Performing Calendar Calculations

NSDate provides the absolute scale and epoch for dates and times, which can then be rendered into a particular calendar for calendrical calculations or user display. To perform calendar calculations, you typically need to get the component elements of a date, such as the year, the month, and the day. You should use the provided methods for dealing with calendrical calculations because they take into account corner cases like daylight savings time starting or ending and leap years.

Adding Components to a Date

You use the dateByAddingComponents:toDate:options: method to add components of a date (such as hours or months) to an existing date. You can provide as many components as you wish. Listing 9 shows how to calculate a date an hour and a half in the future.

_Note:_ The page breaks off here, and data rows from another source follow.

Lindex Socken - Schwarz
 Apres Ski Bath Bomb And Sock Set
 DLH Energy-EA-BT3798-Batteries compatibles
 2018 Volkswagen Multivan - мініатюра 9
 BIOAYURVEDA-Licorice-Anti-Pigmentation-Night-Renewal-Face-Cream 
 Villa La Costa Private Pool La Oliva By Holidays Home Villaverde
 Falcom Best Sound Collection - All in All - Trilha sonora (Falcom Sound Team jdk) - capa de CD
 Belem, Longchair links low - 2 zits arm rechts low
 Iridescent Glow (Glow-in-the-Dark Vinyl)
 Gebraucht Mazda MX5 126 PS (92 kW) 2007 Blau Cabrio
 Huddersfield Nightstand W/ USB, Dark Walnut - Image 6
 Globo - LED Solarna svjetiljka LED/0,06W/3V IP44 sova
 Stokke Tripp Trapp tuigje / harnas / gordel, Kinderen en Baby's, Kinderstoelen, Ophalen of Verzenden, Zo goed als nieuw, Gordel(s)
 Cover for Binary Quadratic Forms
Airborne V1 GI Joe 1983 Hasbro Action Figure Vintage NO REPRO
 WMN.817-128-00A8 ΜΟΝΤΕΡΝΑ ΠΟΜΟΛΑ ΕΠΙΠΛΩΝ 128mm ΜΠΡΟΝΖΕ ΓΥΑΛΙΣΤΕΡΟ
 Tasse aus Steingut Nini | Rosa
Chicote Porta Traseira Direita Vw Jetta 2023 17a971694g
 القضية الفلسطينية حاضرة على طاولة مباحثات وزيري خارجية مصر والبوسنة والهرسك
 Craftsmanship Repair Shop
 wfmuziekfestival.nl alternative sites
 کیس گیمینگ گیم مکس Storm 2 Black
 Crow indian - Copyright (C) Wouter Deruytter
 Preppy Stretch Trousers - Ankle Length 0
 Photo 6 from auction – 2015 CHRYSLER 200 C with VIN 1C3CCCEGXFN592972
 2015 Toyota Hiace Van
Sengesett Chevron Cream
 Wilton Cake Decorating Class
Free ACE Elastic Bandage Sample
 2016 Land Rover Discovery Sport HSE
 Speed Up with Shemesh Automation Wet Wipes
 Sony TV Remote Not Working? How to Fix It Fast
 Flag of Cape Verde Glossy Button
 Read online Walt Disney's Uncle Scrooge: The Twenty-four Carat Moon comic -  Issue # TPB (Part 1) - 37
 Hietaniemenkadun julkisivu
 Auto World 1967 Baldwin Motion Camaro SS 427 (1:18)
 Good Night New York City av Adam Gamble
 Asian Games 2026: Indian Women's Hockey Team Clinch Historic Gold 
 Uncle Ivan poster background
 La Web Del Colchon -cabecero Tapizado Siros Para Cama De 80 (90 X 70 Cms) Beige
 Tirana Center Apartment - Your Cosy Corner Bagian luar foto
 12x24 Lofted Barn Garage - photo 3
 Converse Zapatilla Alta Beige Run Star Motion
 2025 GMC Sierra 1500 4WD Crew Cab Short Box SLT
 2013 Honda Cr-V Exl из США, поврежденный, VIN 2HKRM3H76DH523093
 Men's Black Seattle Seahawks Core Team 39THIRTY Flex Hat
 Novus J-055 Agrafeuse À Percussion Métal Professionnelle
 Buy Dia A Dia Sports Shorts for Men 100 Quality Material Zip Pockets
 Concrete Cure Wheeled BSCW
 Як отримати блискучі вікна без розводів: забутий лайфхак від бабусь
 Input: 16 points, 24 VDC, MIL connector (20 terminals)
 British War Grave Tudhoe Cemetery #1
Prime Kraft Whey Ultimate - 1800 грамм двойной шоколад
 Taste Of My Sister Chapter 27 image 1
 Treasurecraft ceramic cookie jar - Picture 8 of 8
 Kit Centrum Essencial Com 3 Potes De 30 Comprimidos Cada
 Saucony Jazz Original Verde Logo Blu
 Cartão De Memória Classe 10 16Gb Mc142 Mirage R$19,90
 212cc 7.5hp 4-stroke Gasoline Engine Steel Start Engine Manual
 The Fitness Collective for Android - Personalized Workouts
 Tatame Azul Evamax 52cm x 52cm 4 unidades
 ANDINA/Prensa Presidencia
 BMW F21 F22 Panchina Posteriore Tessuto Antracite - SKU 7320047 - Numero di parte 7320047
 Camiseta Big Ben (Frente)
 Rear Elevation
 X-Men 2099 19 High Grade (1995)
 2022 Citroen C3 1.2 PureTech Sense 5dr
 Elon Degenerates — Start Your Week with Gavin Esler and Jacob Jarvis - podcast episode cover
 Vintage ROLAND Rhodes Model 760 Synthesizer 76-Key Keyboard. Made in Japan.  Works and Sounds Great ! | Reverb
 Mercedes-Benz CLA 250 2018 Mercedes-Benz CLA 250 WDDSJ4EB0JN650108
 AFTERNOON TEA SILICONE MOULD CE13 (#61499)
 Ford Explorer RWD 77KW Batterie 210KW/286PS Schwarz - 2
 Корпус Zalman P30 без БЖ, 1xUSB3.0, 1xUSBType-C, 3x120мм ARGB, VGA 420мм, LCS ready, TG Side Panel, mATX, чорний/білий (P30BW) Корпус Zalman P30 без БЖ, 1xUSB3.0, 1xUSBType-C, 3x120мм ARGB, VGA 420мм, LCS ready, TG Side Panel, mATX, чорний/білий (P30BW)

Listing 9  An hour and a half from now

NSDate *today = [[NSDate alloc] init];
NSCalendar *gregorian = [[NSCalendar alloc] initWithCalendarIdentifier:NSGregorianCalendar];
NSDateComponents *offsetComponents = [[NSDateComponents alloc] init];
[offsetComponents setHour:1];
[offsetComponents setMinute:30];
// Calculate when, according to Tom Lehrer, World War III will end
NSDate *endOfWorldWar3 = [gregorian dateByAddingComponents:offsetComponents toDate:today options:0];

Components to add can be negative. Listing 10 shows how you can get the Sunday in the current week (using a Gregorian calendar).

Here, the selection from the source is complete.